Nel 1612 esegue la sua più precoce opera attualmente nota, L’incredulità di San Tommaso per la chiesa di San Tommaso ai Cenci in Roma, su commissione del parroco Onorato Rebaudi, originario di Pigna, località della Liguria di Ponente nel cui territorio Vermiglio sarà varie volte operante (santuario di Passoscio, chiesa di Sant’Antonio a Dolceacqua). Come pittore, dal punto di vista stilistico, è vicino ai modi del Cavalier d’Arpino da un lato e del Caravaggio dall’altro: di quest’ultimo riprende anche alcuni soggetti in una serie di composizioni replicate in più varianti, come il Sacrificio di Isacco, l’Incoronazione di spine (tra cui si ricorda quella conservata in Palazzo Altieri a Roma in origine presso il marchese Vincenzo Giustiniani), la Negazione di Pietro, David con la testa di Golia, la Cattura di Cristo e Giuditta decapita Oloferne e San Giovanni Battista, delle cui versioni si ricorda quella oggi appartenente all’ASP Golgi-Redaelli di Milano. Nel 1617 partecipa all’Accademia di San Luca e dipinge Quattro Santi sulla facciata della casa in piazza di Sciarra per la Confraternita dei Bergamaschi.

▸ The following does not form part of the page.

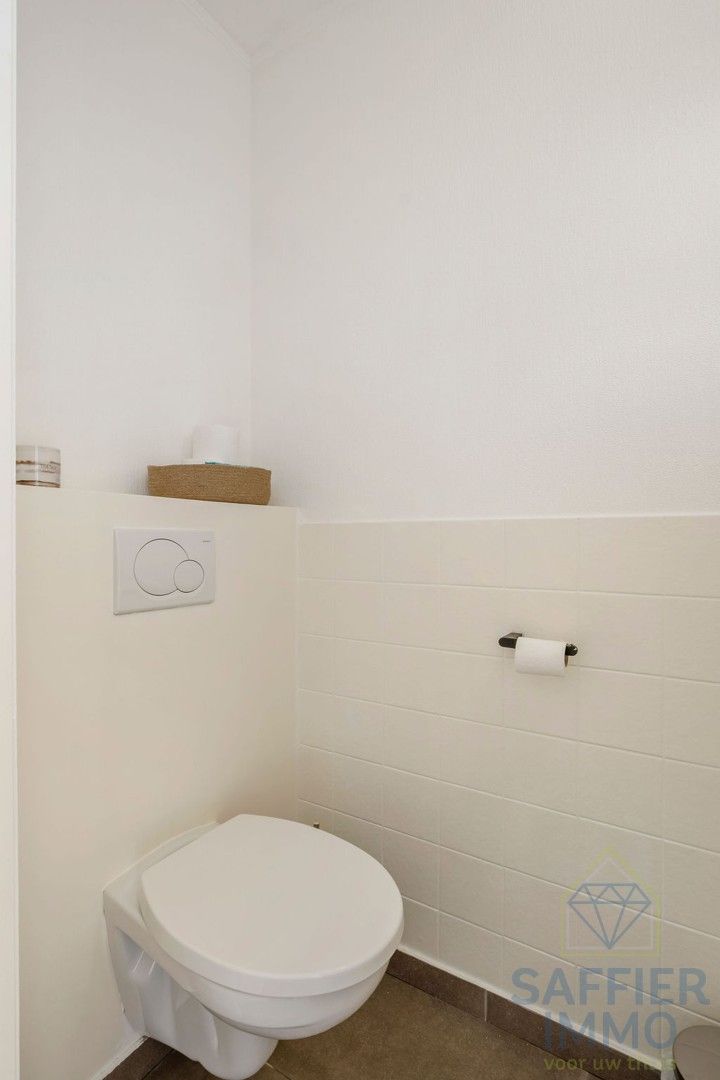 Instapklaar en volledig gerenoveerd appartement te koop in Roeselare foto 13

Nel 1619 è ancora attestato a Roma; nel 1621 risulta stabilito a Milano, dove si unisce in matrimonio con Violante Zerbi, figlia del notaio Castorio, e dove porta a termine alcune commissioni destinate ai nuovi ordini religiosi e alle congregazioni postconciliari, come i canonici lateranensi per i quali Vermiglio esegue un ciclo di sette tele con Storie di Sant’Innocenzo oggi nella sacrestia del Duomo di Tortona e forse in origine nella chiesa di Santo Stefano a Milano. Per la sede degli stessi a Novara realizza l’Adorazione dei pastori della Pinacoteca di Brera (1622) e l’Ultima Cena del Museo Diocesano di Milano (1622); per Santa Maria della Passione in Milano, con Daniele Crespi, altre tele collocate nel tiburio tra cui Daniele nella fossa dei leoni (1625), per San Carlo in Menaggio e per Santa Maria di Castello in Alessandria la Samaritana al pozzo (1626) oggi alla Galleria Sabauda di Torino. In parallelo è operante anche per i certosini nella Certosa di Pavia – come attesta il San Bruno in estasi della Certosa di Pavia (1627) – nel Castello di San Colombano al Lambro e nella chiesa di Santa Croce a Mantova. Si dedica anche alla pittura da cavalletto per committenti privati, una produzione di cui sono significativi esempi Giaele e Sisara e Giuditta e Oloferne della Pinacoteca Ambrosiana e il San Sebastiano della Pinacoteca del Castello Sforzesco.
Nel 1634 Vermiglio è ad Asti e l’anno successivo a Torino presso la corte sabauda: da quella data non si conoscono documenti circa la sua biografia e la sua attività artistica.